People who say YES MAYBE if risk goes up could be people who live in low-case areas but decide to travel, people who develop medical problems or find out a medical issue they’ve got has been added to the list of risky conditions.
This is an important point — the CDC adds new “higher-risk medical conditions” every couple of months as the data evolves and the plane gets built. It’s not just “chronic lung, kidney, heart disease” anymore.
Each time a new study comes out saying, “Hey look, we’ve seen worse outcomes in people with XYZ disease,” the CDC looks at the literature to see if this is a real trend. Then, if there’s multiple other studies showing more hospitalizations and deaths in people with XYZ disease, they add it to their list of “People with Certain Medical Conditions.”
In February they added physical inactivity, disabilities and primary immunodeficiencies as possibly associated with higher risk of severe Covid. In October they added schizophrenia, depression, chronic liver disease. And pregnancy and substance use disorders were added last year. And we’ve known for a long time that being in a racial or ethnic minority group is higher risk.

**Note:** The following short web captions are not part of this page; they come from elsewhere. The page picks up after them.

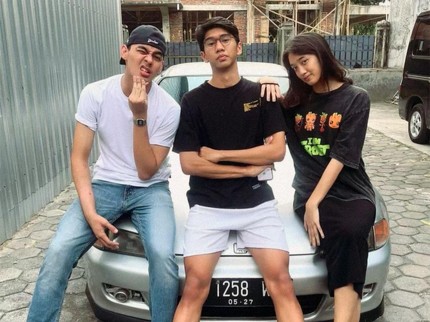Kompak Banget Bun! Ini 5 Momen Keluarga Duta Sheila On 7 Bertemu Ipar Attar Syach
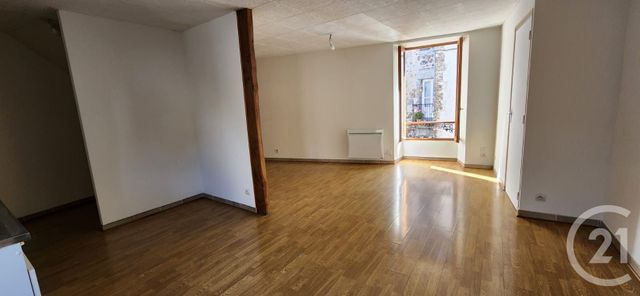 Appartement T3 à louer - 3 pièces - 61.0 m2 - VIC SUR CERE - 15 - AUVERGNE - Century 21 Pradel Immobilier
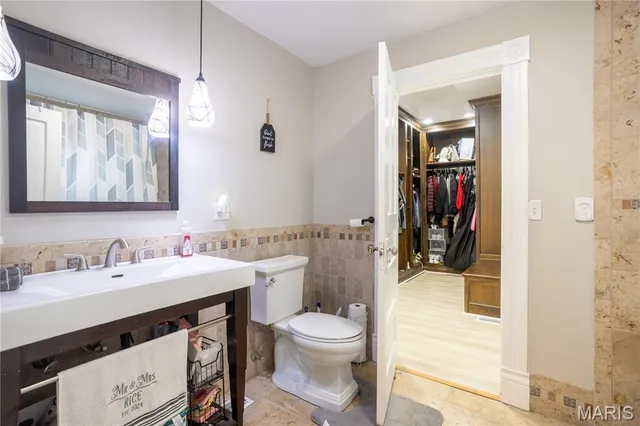 $229,900 | 422 North 7th Street, De Soto, MO 63020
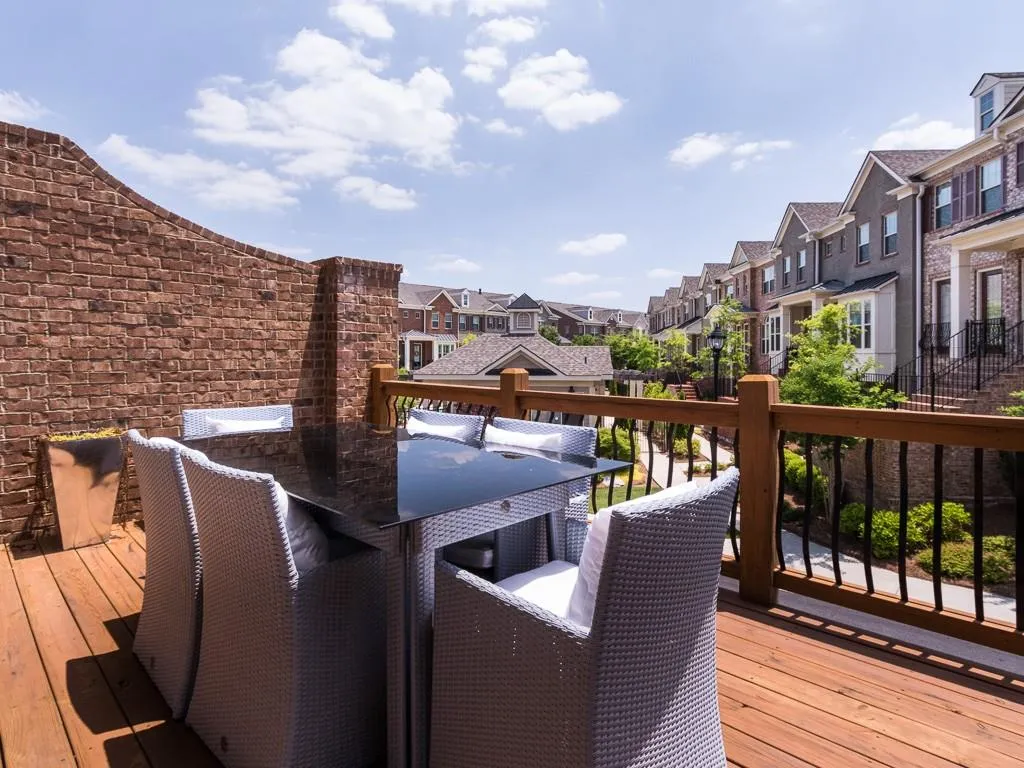 447 Alderwood Street Unit 0, Sandy Springs, Georgia 30328, 3 Bedrooms Bedrooms, ,3 BathroomsBathrooms,Residential,Sold,447 Alderwood Street Unit 0,5696980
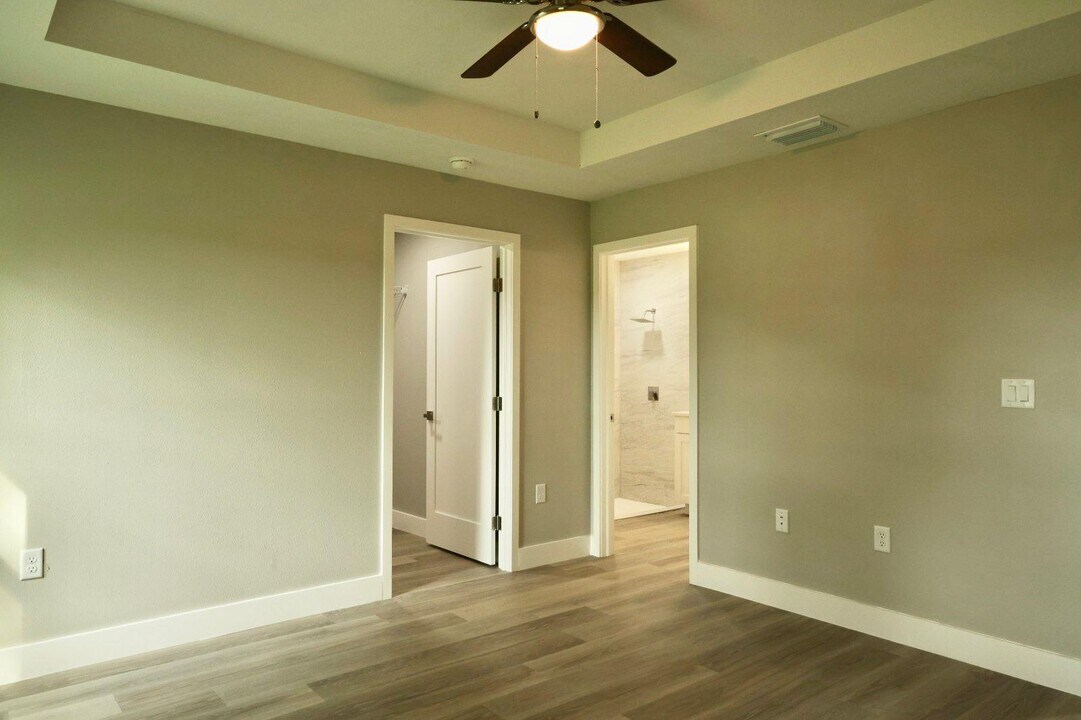 15 Malauka Pass Way in Ocklawaha, FL - Building Photo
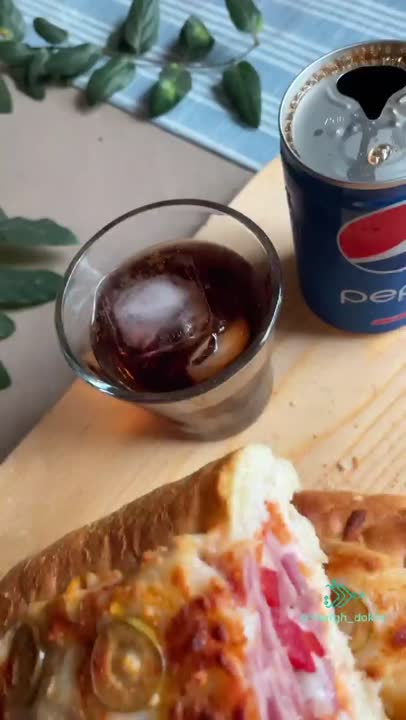 ساندویچ ژامبون پنیری تنوری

It’s also become clear that having MULTIPLE medical problems seems to be particularly additive for risk.
So if all you’ve got is a little high blood pressure controlled with a low-dose med, that’s one thing. But if you’ve got several major medical problems AND you’re a couch potato AND you’ve got depression AND etc, you should recognize you are at higher risk for severe Covid and you should consider boosters earlier and often.
It’s worth checking out CDC’s website on medical conditions. It’s at the following address. https://www.cdc. gov/coronavirus/2019-ncov/need-extra-precautions/people-with-medical-conditions.html#MedicalConditionsAdults. Please note I put a space between cdc and gov so as to not annoy the FB gods. The link will work when you remove the spaces.

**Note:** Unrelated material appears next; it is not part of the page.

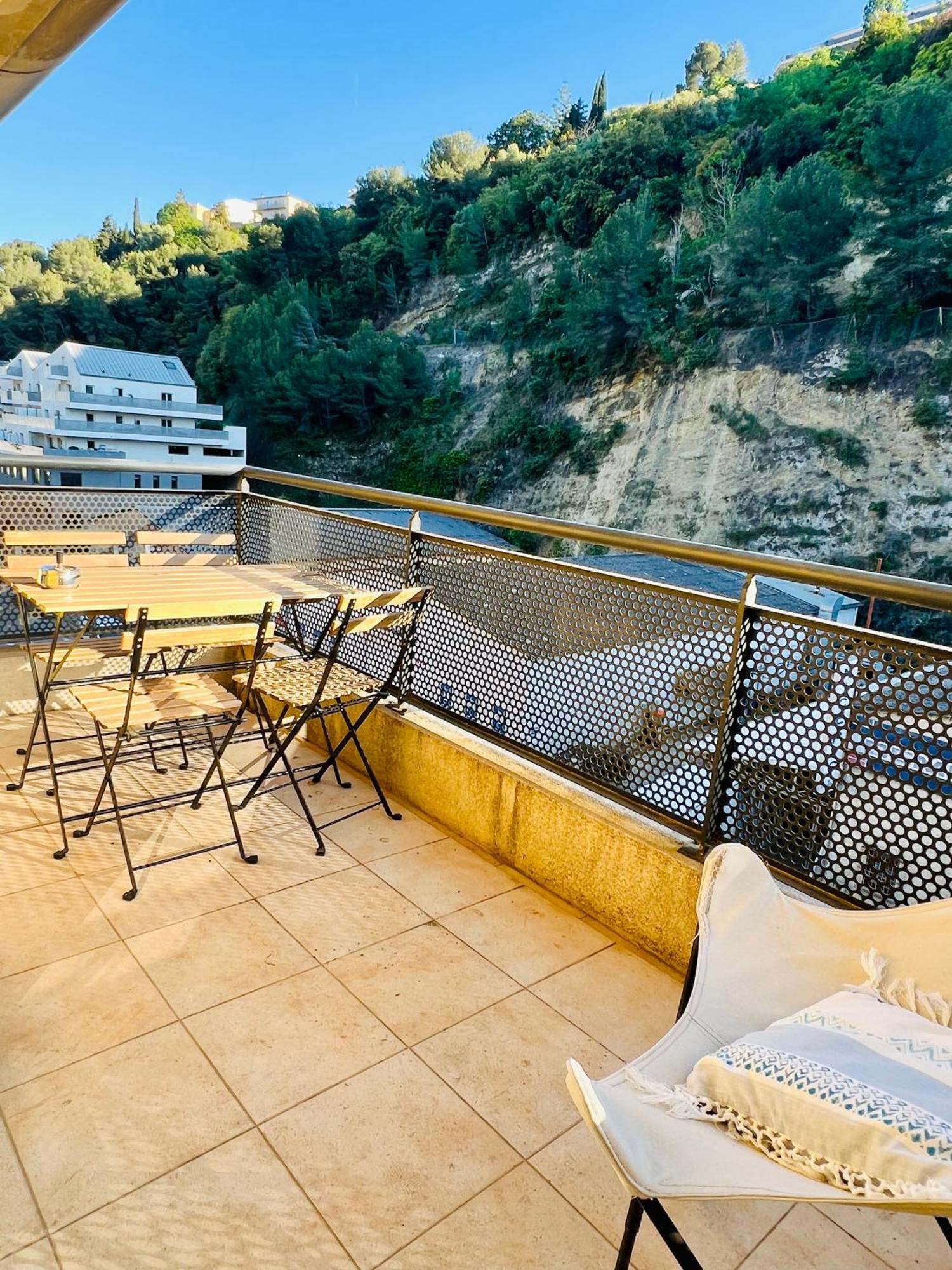 Magnificent Renovated Apartment, 2 Of 45 M2, Close Tothe Sea, Floor, Terrace Nizza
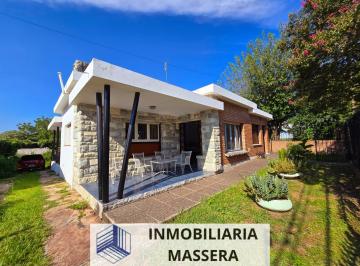 Casa de 6 ambientes, Villa Carlos Paz · Venta: Casa + Departamento - 3 Dorm. 2 Baños - Malvinas - Villa Carlos Paz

Finally, if you get Covid and you do have major medical issues, or you’re over 50, or you have a BMI > 30, or you are at high risk in any way, you should IMMEDIATELY contact your doctor about getting Paxlovid. Paxlovid is a five-day oral anti-viral medicine that is currently acting like a miracle cure for people — it’s said to have an 89% effectiveness at preventing hospitalization, and it clearly reduces symptoms and viral load as well.
My doctor friends who have taken Paxlovid describe it as “feeling at death’s door at 24 hours, hopped out of bed at 32 hours,” or “It’s fantastic. You can sort of see which way the wind would have blown. And then it doesn’t blow – just slowly calms down and stops.”
Covid is still around and can work its way around our precautions. We are much much safer than we were 18 months ago, though, thanks to VACCINES. And now, even if you are high risk, a BOOSTER can help minimize risk for at least a little while and PAXLOVID can help minimize suffering. So nice to see this airplane getting built!